Many of us have little in our experience to equip us to understand and respond to sexual abuse survivors. Even given the disturbing high levels of abuse, the majority of us did not experience or deal with it. As abuse survivors continue to speak up, their understandable anger often comes through in very harsh and hostile language. We do well to remember that in addition to their traumatic experiences, victims of sexual abuse have pled and waited for years, even decades, for BJU to acknowledge their abuse and how it was treated. With that in mind, and with grace from the Holy Spirit, we who can speak with calmness and good will are well-positioned to speak for justice on behalf of those who were hurt.
Recently, a rabbi in Greenville, SC, provided helpful perspective on BJU and the GRACE investigation. In the past, he has been strongly and publicly critical of BJU. This time, he was not. He wrote, “No one—no one, owns the high ground on this.” While I appreciated his honesty and fair-mindedness, I was also distressed. Of all people, we who are Christians should be on the high ground. It is a tragic failure that we are not! It is time that we model and lead in redemptive change rather than be pushed into it. Our silence has left a vacuum filled by cynicism.
To those inclined to be cynical
Much of the support for sexual abuse victims from BJU has come from others who are deeply antagonistic toward BJU. Their tone and words are usually cynical. Cynicism is scornful of another’s motives, assuming them always to be selfish and incapable of change. Cynicism might accomplish a short term goal that seems positive, but it ultimately destroys more than it builds. It is inherently corrosive.
Cynicism also alienates those who could give real help in long term, constructive change. They are not eager to join voices with those who openly wish for BJU’s demise, use personal insult, and try to attach irrelevant issues and personal grudges to the legitimate claims of abuse victims. Posting links to sources that are hostile to Christianity, such as The Young Turks, another self-defeating tactic, does not help either.

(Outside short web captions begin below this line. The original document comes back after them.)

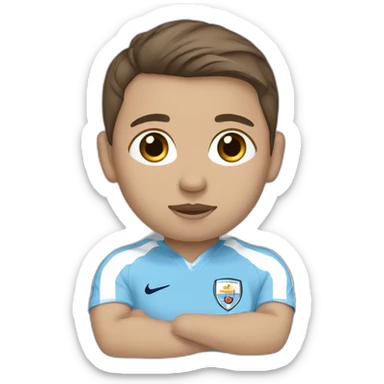 baby brown hair and eyes wearing Manchester City football shirt sticker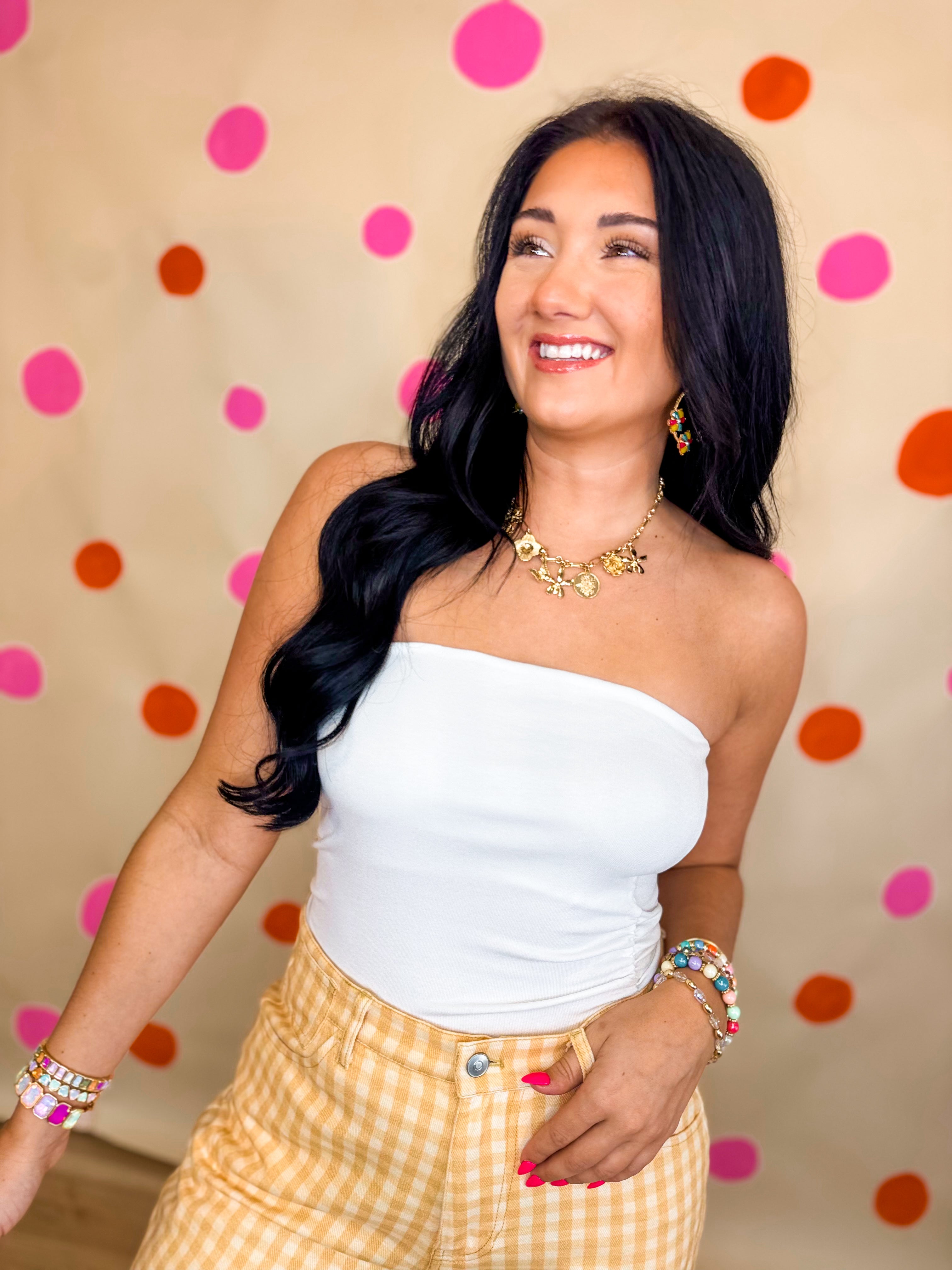 Basic Knit Tube Top - Off White - Lace and Grace Boutique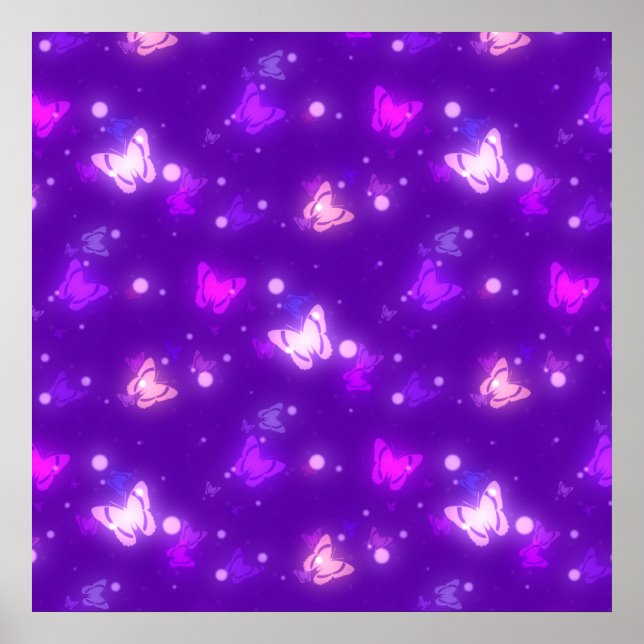 Poster Papillons Lumineux Violet Violet Conception (Devant)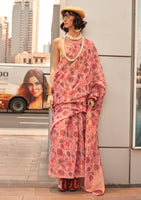 Pink Tissue Silk Saree With  Printed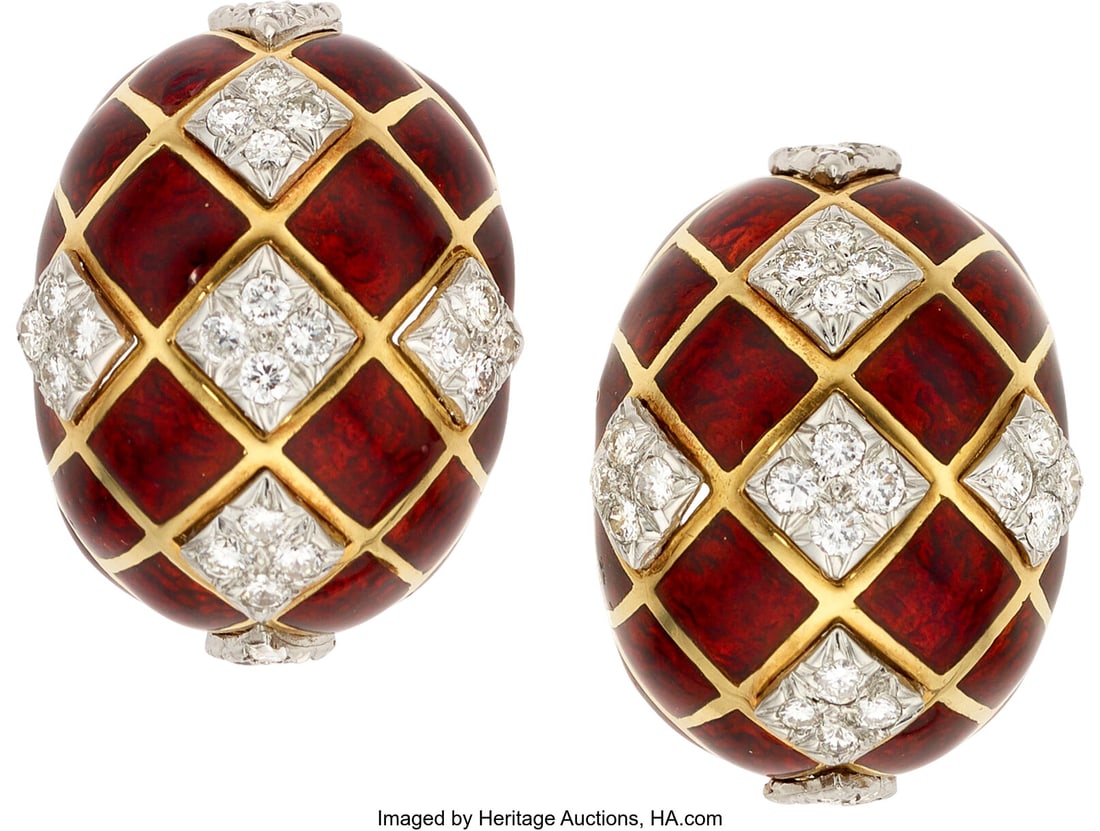 David Webb Diamond, Enamel, Platinum, Gold Earri: David Webb Diamond, Enamel, Platinum, Gold Earrings Stones: Full-cut diamonds weighing a total of approximately 1.45 carats Element: Enamel Metal: Platinum a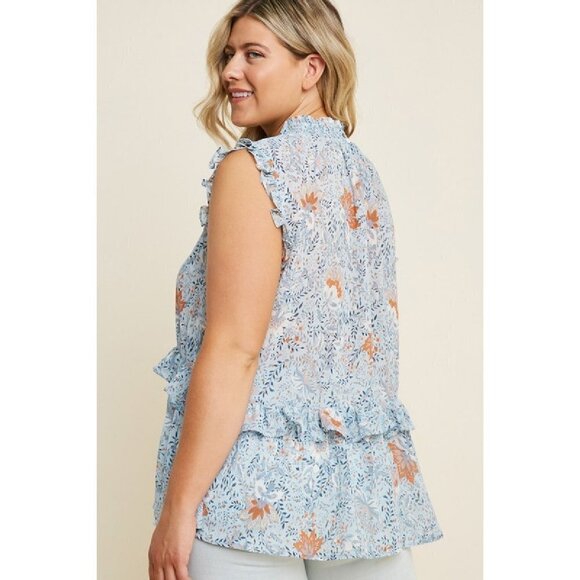 Hayden Plus Blue Mix Floral High Smock Neck Ruffle Top - Picture 5 of 5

Some Christians have tried to justify the cynical approach by arguing that BJU could have forestalled the hostility by responding in a more timely fashion. I do not argue with that. But at the same time I find no instance in Scripture where Jesus reacted with cynicism, even toward His most implacable tormentors. In light of that, here are a few questions for the cynics to consider. Does Jesus need or want our malicious words to accomplish His purposes? Are we trying to bring truth to light and healing to the wounded because the Father has told us to do it, or because we think we can make it happen? Where did Jesus give any of us authority to judge the motives of our brothers and sisters?
I believe that what is needed is BJU alumni who speak with good will and want good changes to continue. I appeal to them to engage in humble, loving confrontation. Only a few days ago Pastor Ryan Ferguson, a former BJU student, gave us an example worthy of following. Watch his video “open letter” below. Speaking to BJU’s leaders, Pastor Ferguson says, “It is my opinion that even your greatest critics would be stunned by a simple and forward statement of responsibility.” I agree. Please contact BJU and urge them to do that. Even before the investigation is complete, such a statement would go far.
As of this posting, no public announcement has been made regarding the BJU/GRACE talks to restart and complete the investigation. Regardless, the outcome is not inevitable. God can accomplish His purposes with or without us, but our participation with Him does matter. How we speak and how change is accomplished also matters.